• _Work to complete_:
Here is a listing. Write it all out again exactly, but not its pictures.

• _Information_:
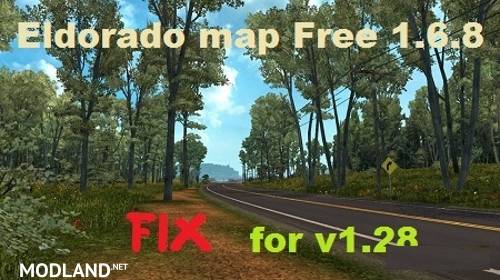 Fix Eldorado map 1.6.8 for 1.28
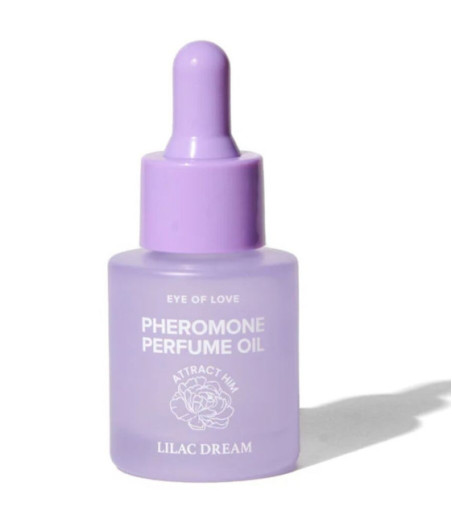 EYE OF LOVE - OLIO PROFUMATO AI FEROMONI BLOOM LILAC DREAM 20 ML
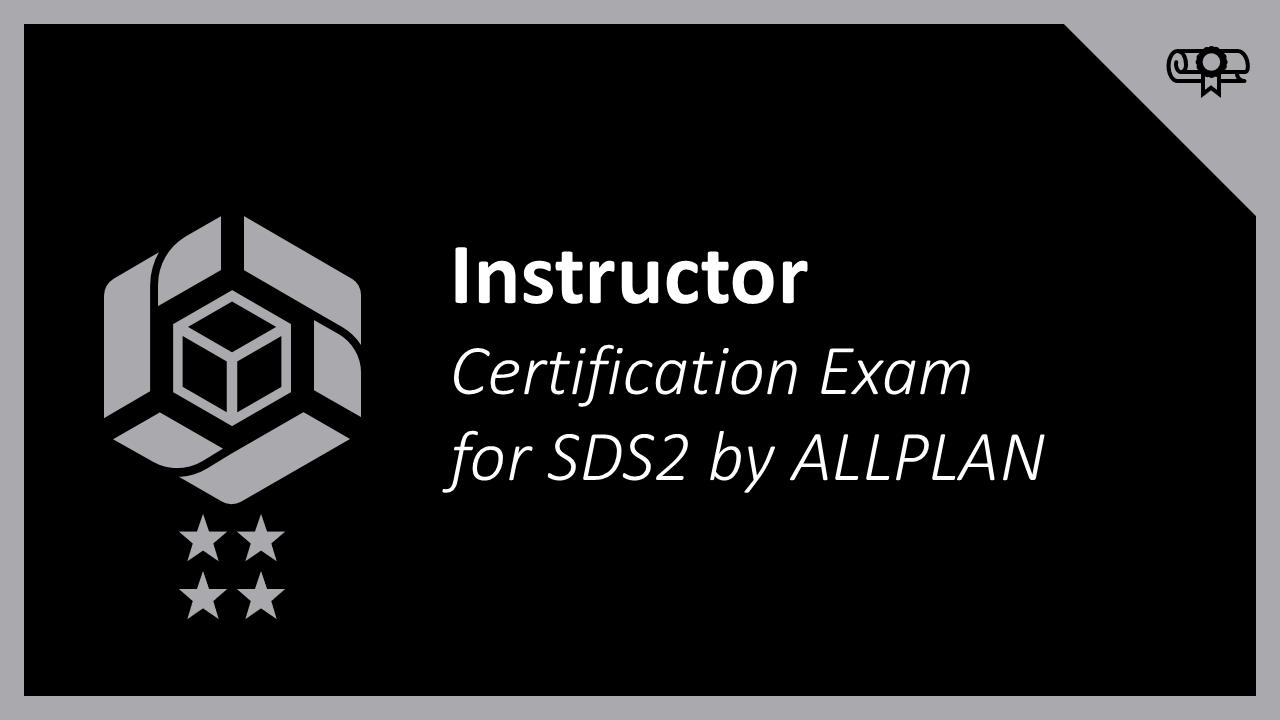 SDS2 Instructor Certification Exam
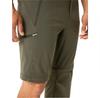 VAUDE Брюки Farley Stretch T-Zip III
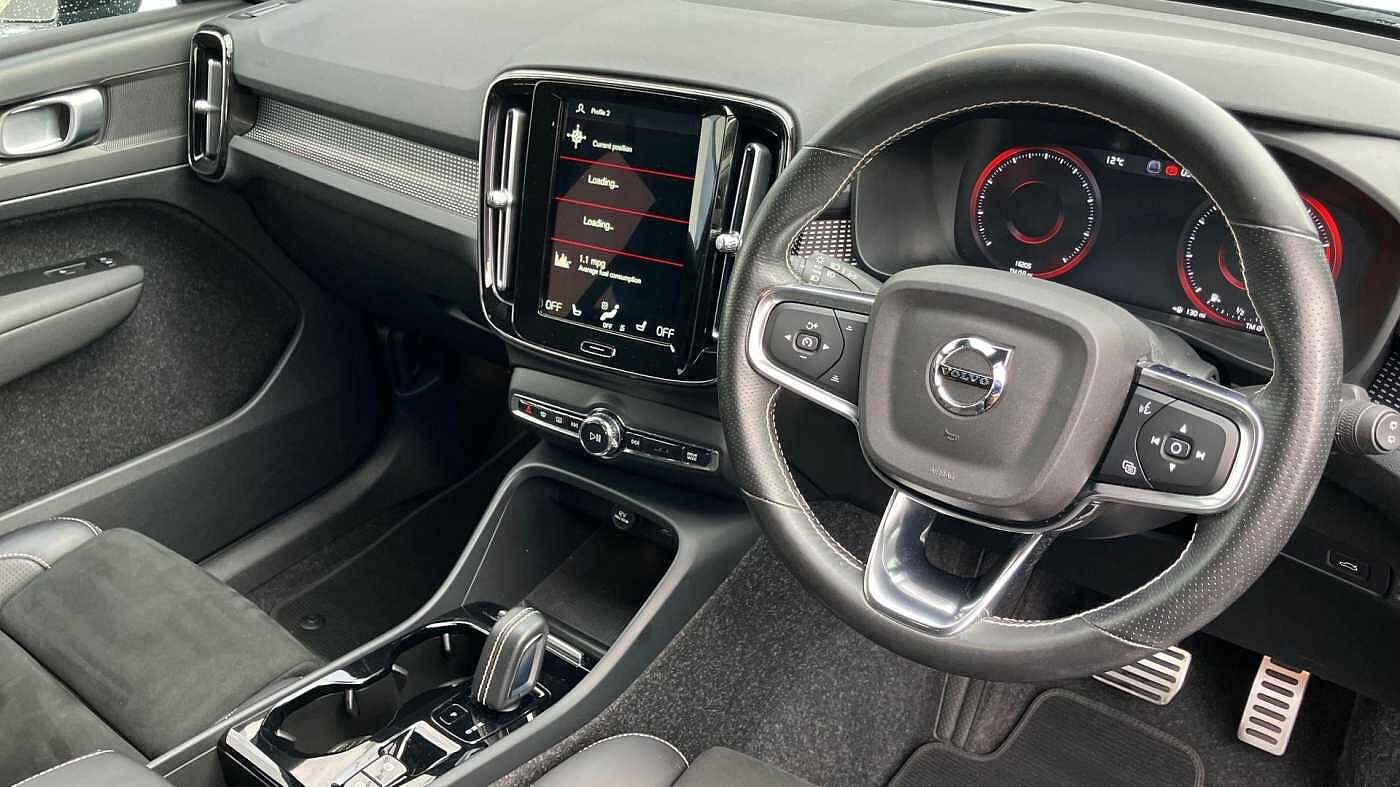 Used Volvo XC40 2020 for sale - 76681181: Photo 5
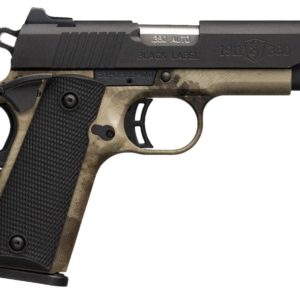 Browning -1911-380 Black Label Pro Speed Compact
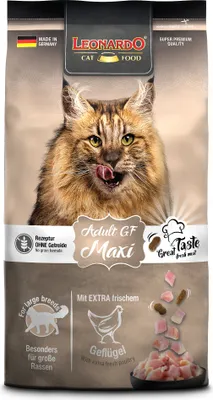 Produktbild von Leonardo Trockenfutter - Adult GF Maxi mit Geflügel - 7,5 kg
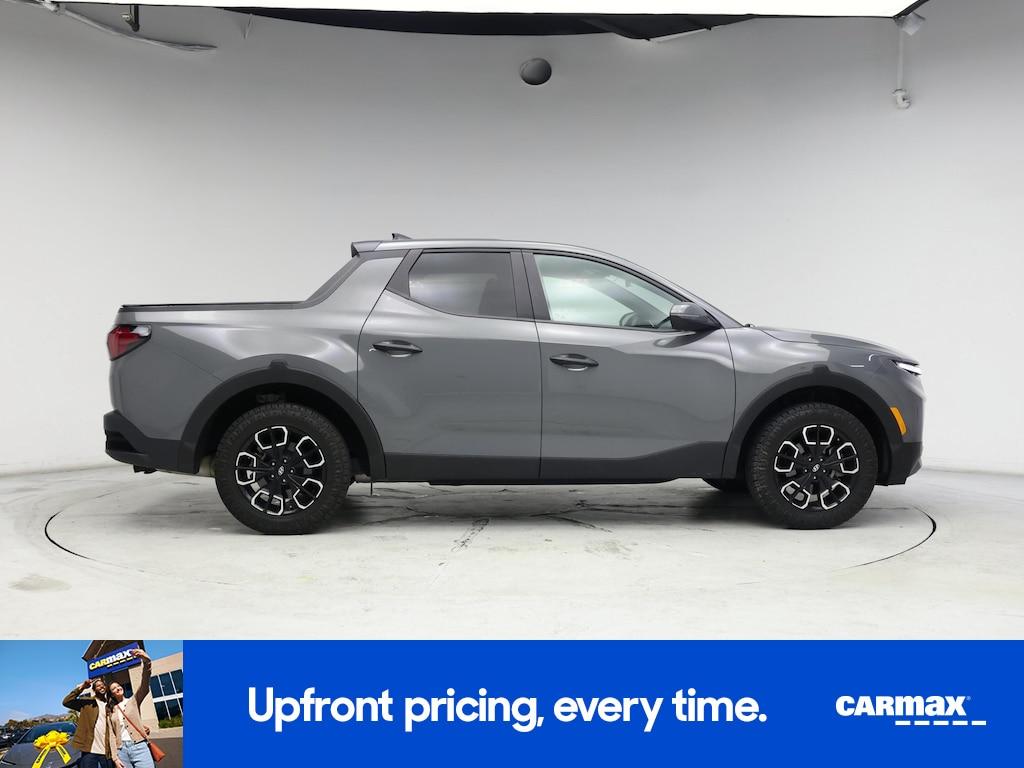used 2023 Hyundai SANTA CRUZ car, priced at $27,998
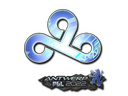 Sticker | Cloud9 (Holo) | Antwerp 2022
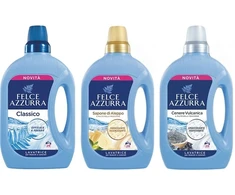 Skystas skalbiklis Felce Azzurra Aleppo Soap. 1.595 l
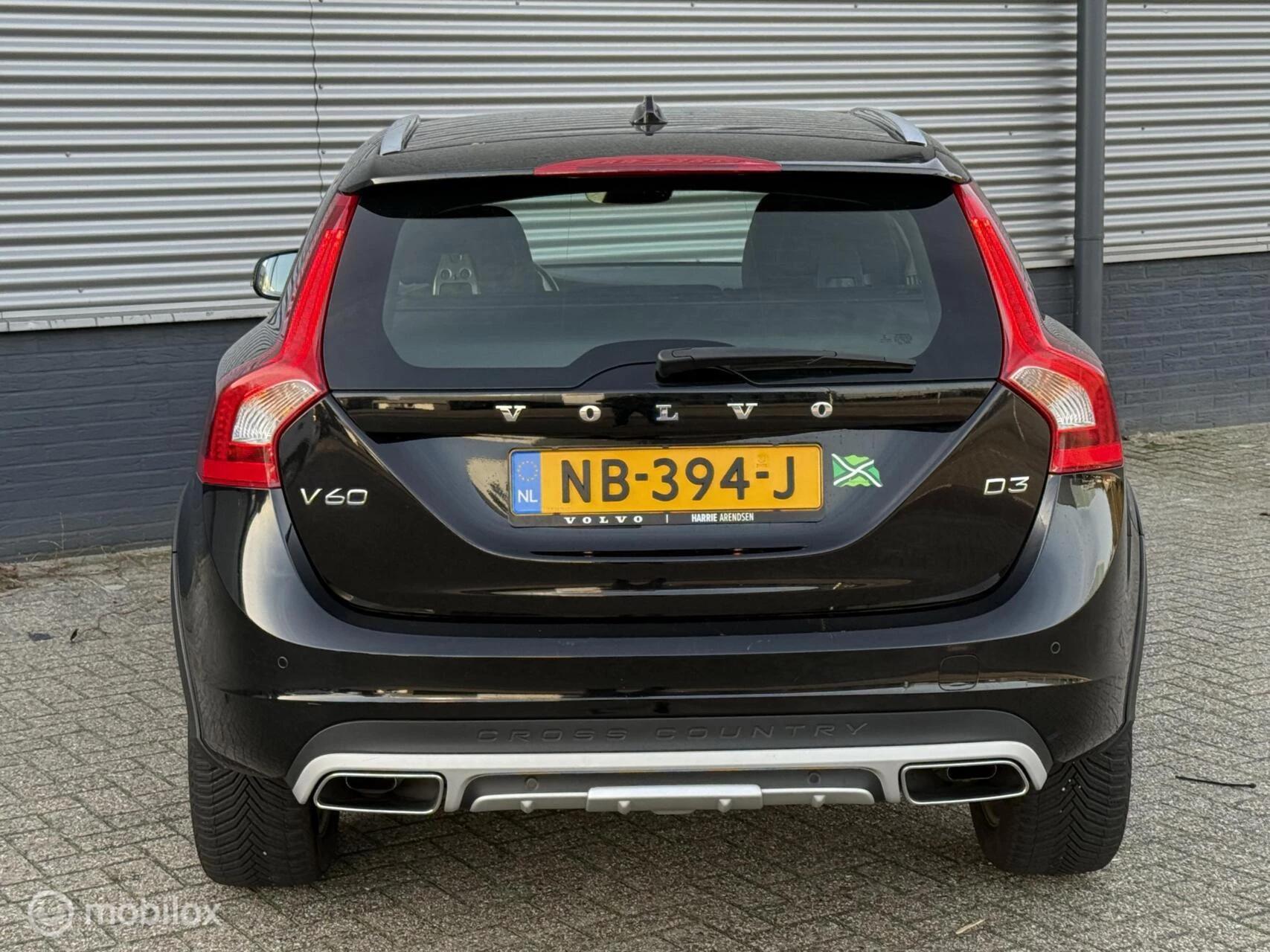 Hoofdafbeelding Volvo V60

• _Response area_:
 Fix Eldorado map 1.6.8 for 1.28
 EYE OF LOVE - OLIO PROFUMATO AI FEROMONI BLOOM LILAC DREAM 20 ML
 SDS2 Instructor Certification Exam
 VAUDE Брюки Farley Stretch T-Zip III
 Used Volvo XC40 2020 for sale - 76681181: Photo 5
 Browning -1911-380 Black Label Pro Speed Compact
 Produktbild von Leonardo Trockenfutter - Adult GF Maxi mit Geflügel - 7,5 kg
used 2023 Hyundai SANTA CRUZ car, priced at $27,998
 Sticker | Cloud9 (Holo) | Antwerp 2022
 Skystas skalbiklis Felce Azzurra Aleppo Soap. 1.595 l
 Hoofdafbeelding Volvo V60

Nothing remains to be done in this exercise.